LAS NUPCIAS CATALANAS DEL BOOM:
EL PADRINO, LA MADRINA Y EL JUEZ
El «padrino» de ese matrimonio bien avenido del boom fue indudablemente el catalán Carlos Barral, que vivió en los sesenta y los setenta una etapa dorada como editor. El trabajo de apoyo y difusión de la editorial que capitaneó, Seix Barral, es unánimemente reconocido. La editorial protagonizó uno de los capítulos más interesantes de la historia cultural de nuestro país, y llegó a convertirse en un paradigma, un símbolo de la época. Vázquez Montalbán consignó este hecho: «Éramos conscientes de que, por primera vez en España, en muchos años, un instrumental editorial, una razón industrial, se empleaba como arma de combate al servicio de la cultura progresista» (Prats 1995: 123). Pero fue específicamente Carlos el que se alzó con el verdadero liderazgo de este nuevo período cultural iniciado en la Península, que fungió de caja de resonancia del continente latinoamericano:
Así era señalado, criticado, amado y odiado, acusado y aplaudido, adorado o despreciado; escuchado con suma atención e, incluso, seguido como si fuera un chamán oracular.
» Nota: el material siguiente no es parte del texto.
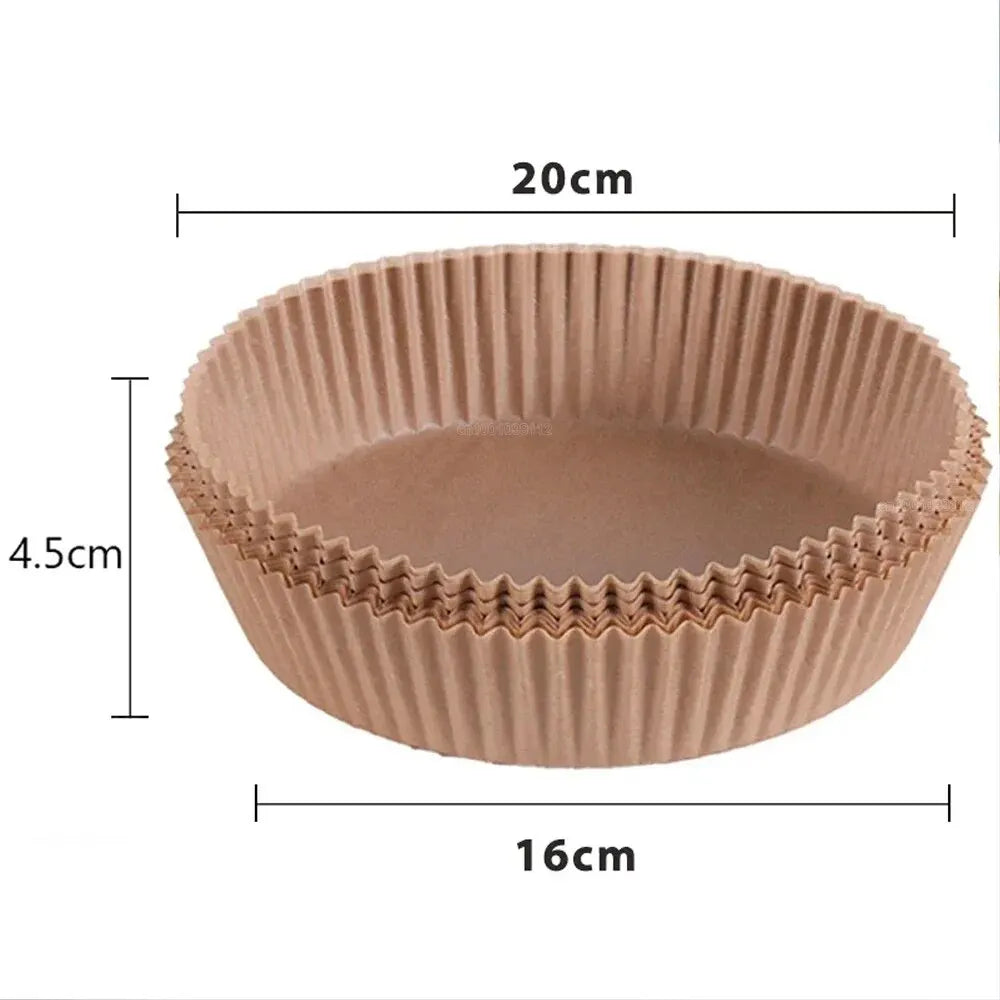 50/100Pcs Air Fryer Disposable Paper Non-Stick Air Fryer Baking Paper Round Air Fryer Paper Liners Kitchen Accessories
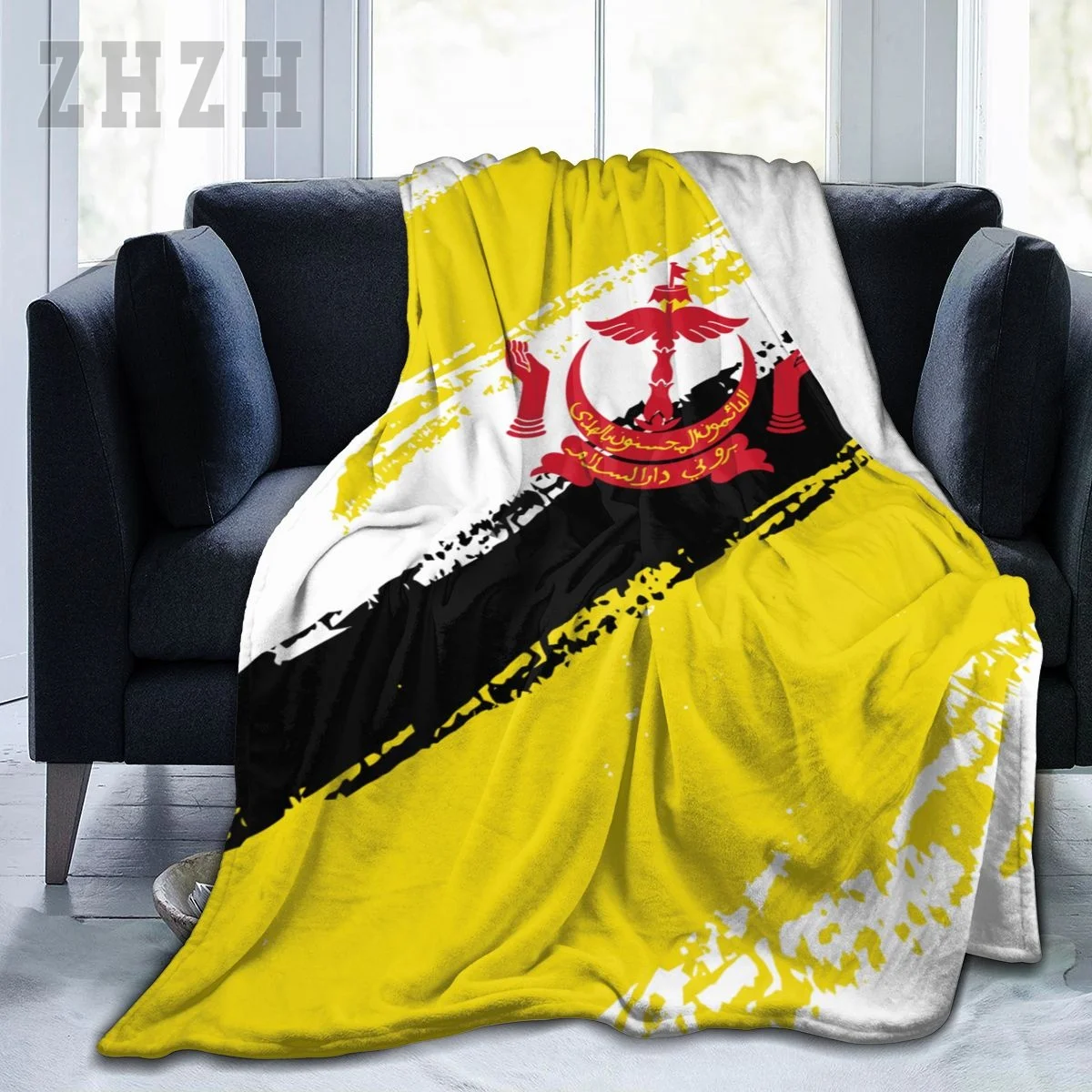 Blanket Brunei Flag Color Flannel Multifunction Camping Sofa Cover Keep Warm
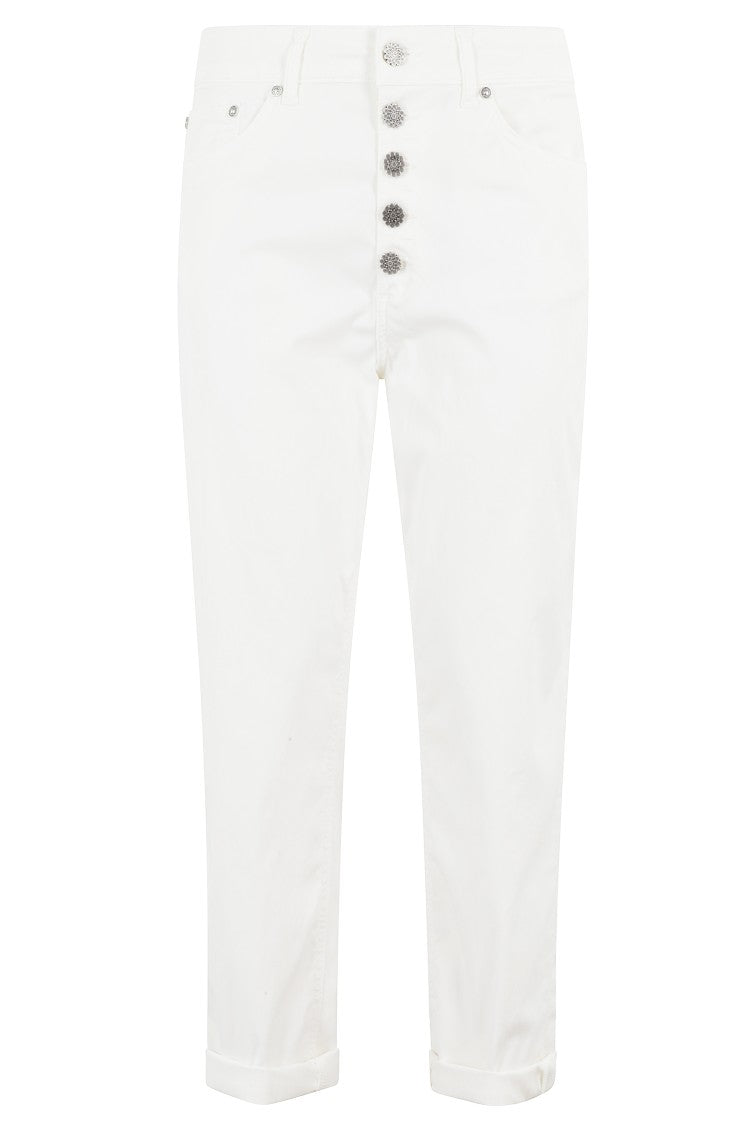 Dondup Koons Cropped White Pants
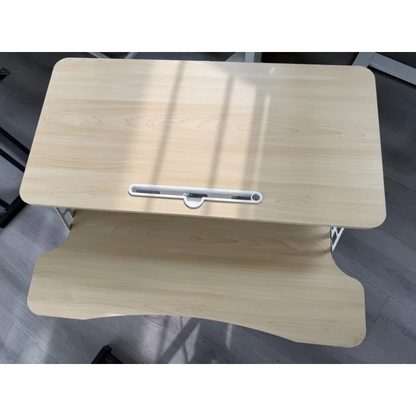 Adjustable Gas Spring Sit-Stand Desk Riser – Ergonomic Height-Adjustable Workstation with Keyboard Tray and Large Surface
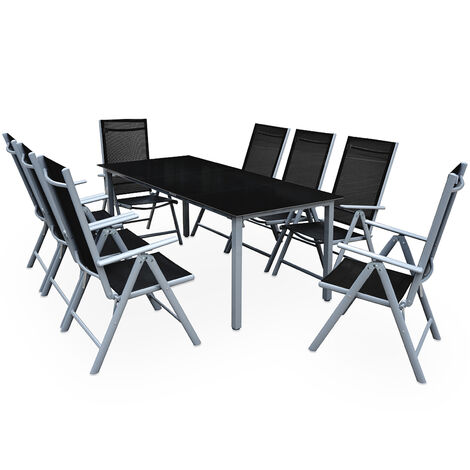 Casaria – Ensemble table et 8 chaises de jardin en aluminium argent – Chaises pliables à dossier haut – Table 190x90cm en verre de sécurité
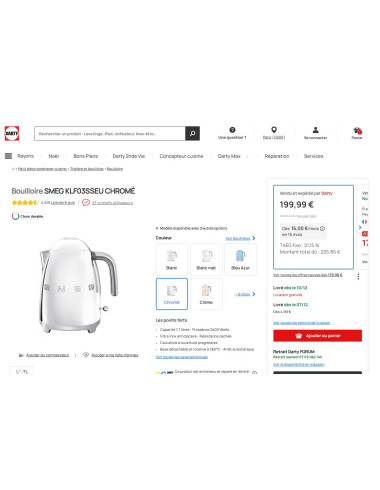 Bouilloire RETRO Années 50 SMEG KLF03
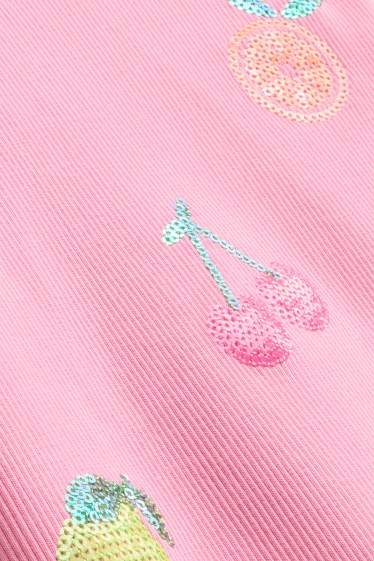 Kinderen: meisjes - Fruit - T-shirt - geribd - glanseffect - fuchsiarood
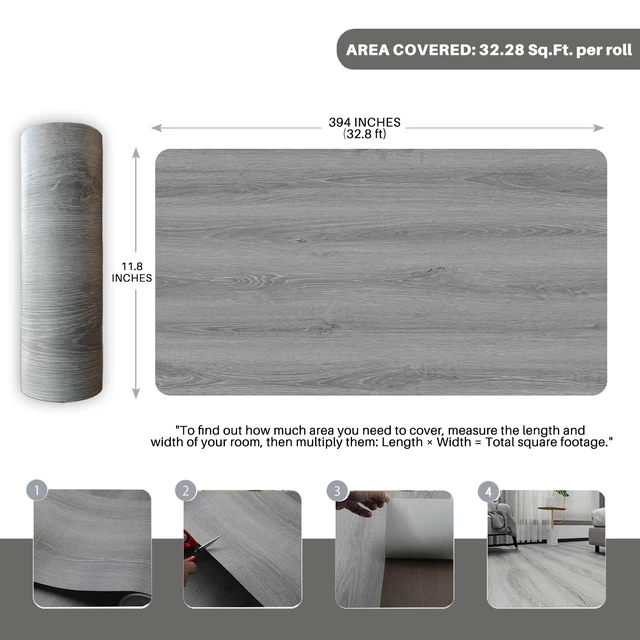 Alt view image 9 of 14 - Wood Grain Peel and Stick Floor Tiles, 11.8" W × 394" L, Soft Gray Soft woodlook finish, Nonslip texture, Long rolls reduce seams, Lowmaintenance surface, Budgetfriendly option, Waterproof
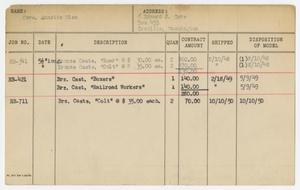 Primary view of object titled '[Client Card: Miss Annette Cave]'.
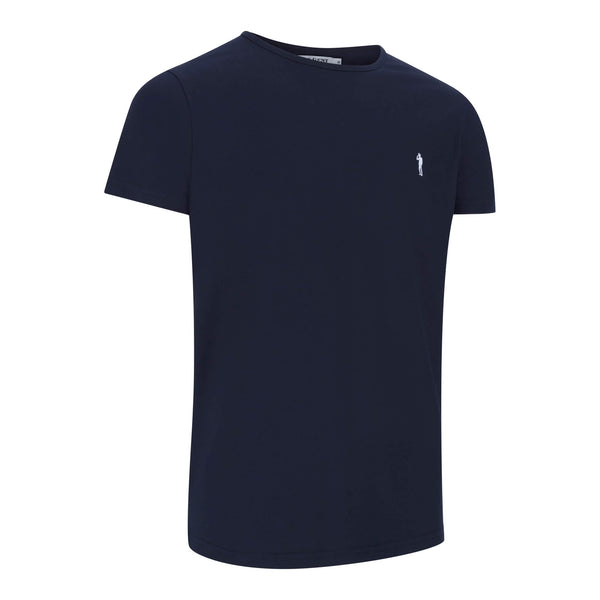 British menswear The Gent Newham crew neck t shirt in navy with white Gent logo side view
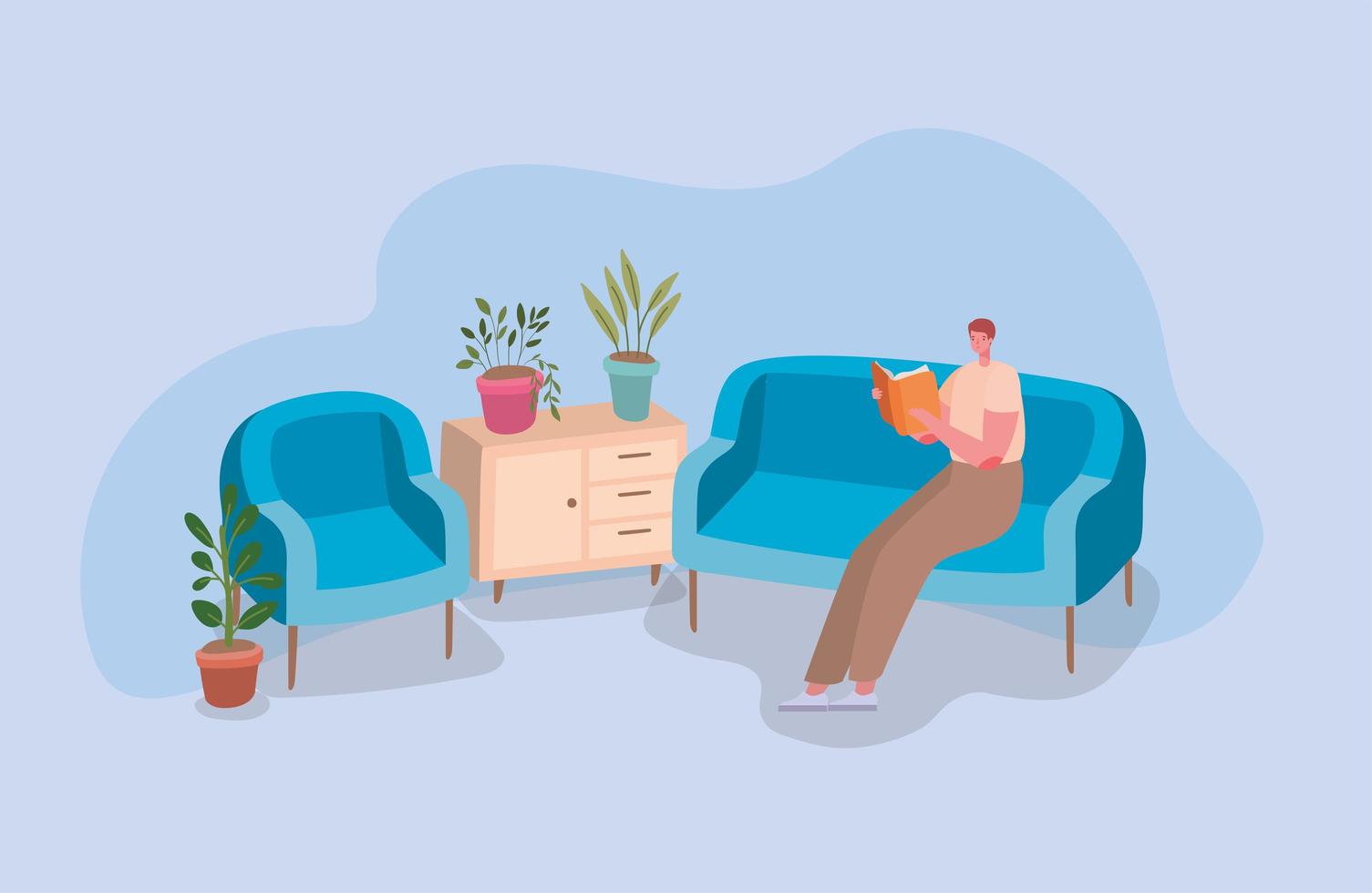 Man reading a book on the couch design vector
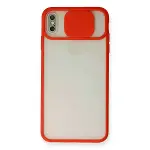 İphone Xs Max Kılıf Palm Buzlu Kamera Sürgülü Silikon - Kırmızı-1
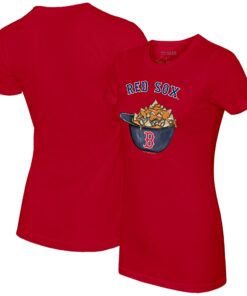 Women's Boston Red Sox Tiny Turnip Red Nacho Helmet T-Shirt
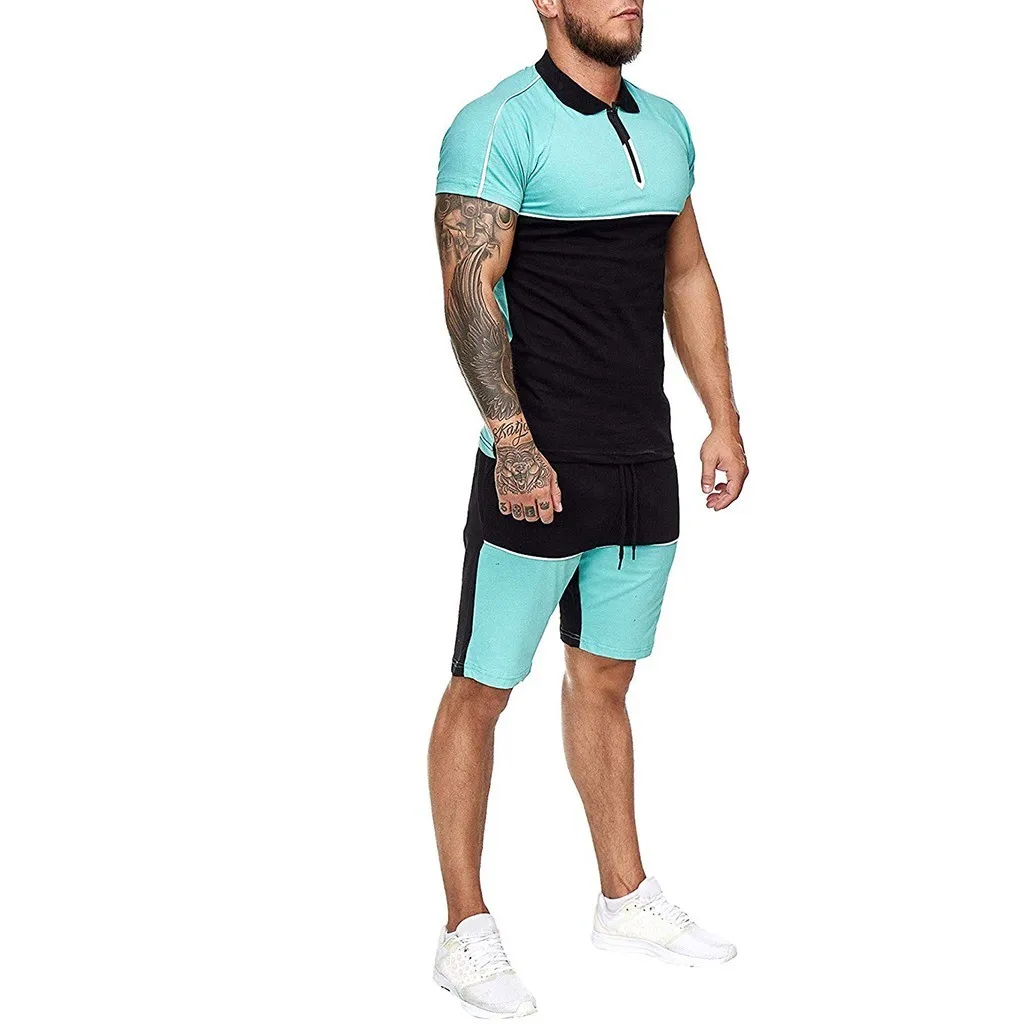 Zomermannen Set Sportswear Fashion 2020 Mens Clothing Patchwork T Shirts Shorts Shorts Casual Tracksuits Male Track Suit Plus Maat 54 Q013567125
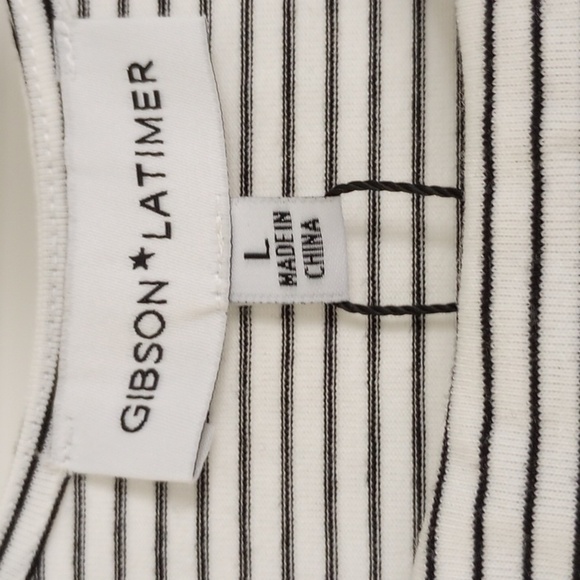 Gibson Latimer Womens Midi Dress Sz L Black & White Striped Scoop Neck Ruched - Picture 4 of 10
Había descubierto a MVLL al publicar La ciudad y los perros, tenía cierta influencia y una gran relación personal con los más prestigiosos editores europeos, concedía el Biblioteca Breve, era antifranquista militante —y cotidiano— y «manejaba» la fuerza española en el Prix Formentor. Vivía en Barcelona, una ciudad industriosa y resistente.
(Armas 2002: 100)
Carlos Barral fue el primer editor de Vargas Llosa, pero también su gran amigo y defensor. Su relación con Gabo, en cambio, fue más incierta. No eran enemigos, pero tampoco se profesaban una gran adoración. Se sabe que Barral prefería a todas luces como novelista al peruano, pero su favoritismo no fue el causante de que rechazase el manuscrito de Cien años de soledad, enviado por García Márquez a la editorial. Sobre este episodio han corrido ríos de tinta, aunque Barral siempre sostuvo que nunca llegó a rechazarlo, que todo fue un malentendido y que estaba de vacaciones cuando el manuscrito llegó a la editorial, y que, por tanto, nunca lo leyó. Dasso Salvídar suscribe esta aseveración y señala que García Márquez también ha confirmado lo esgrimido por Barral: todo fue una «falsedad», un quimérico rumor proveniente de lenguas maledicentes. Sin embargo, Armas Marcelo apunta otra versión de los hechos: alguien cercano a Carlos Barral leyó el original, y en una vista rápida desdeñó la calidad de la novela. Saldívar no desestima esta hipótesis de la lectura por uno de los adláteres de Barral, aunque se reitera en la falta de intervención del prestigioso editor en el tema. Dasso aporta datos más concretos a este respecto: el poeta Gabriel Ferrater lo leyó —total o parcialmente— porque se enteró, a través de su novia que trabajaba en la agencia Balcells, de que Carmen estaba completamente fascinada por la obra:
La reacción de Ferrater fue inmediata: comentarle a Balcells que si la novela se presentaba al Premio Biblioteca Breve, de la editorial Seix-Barral, sería la ganadora con toda seguridad. La agente lo consultó con García Márquez, pero este rechazó la oferta no solo por el contrato que ya tenía firmado con la editorial argentina, sino porque no quería que su novela se editara bajo el rótulo de ningún premio, ni quería prestarse al jugoso juego de los premios a priori, pese a que Biblioteca Breve era el galardón más prestigioso en todo el ámbito de la lengua castellana.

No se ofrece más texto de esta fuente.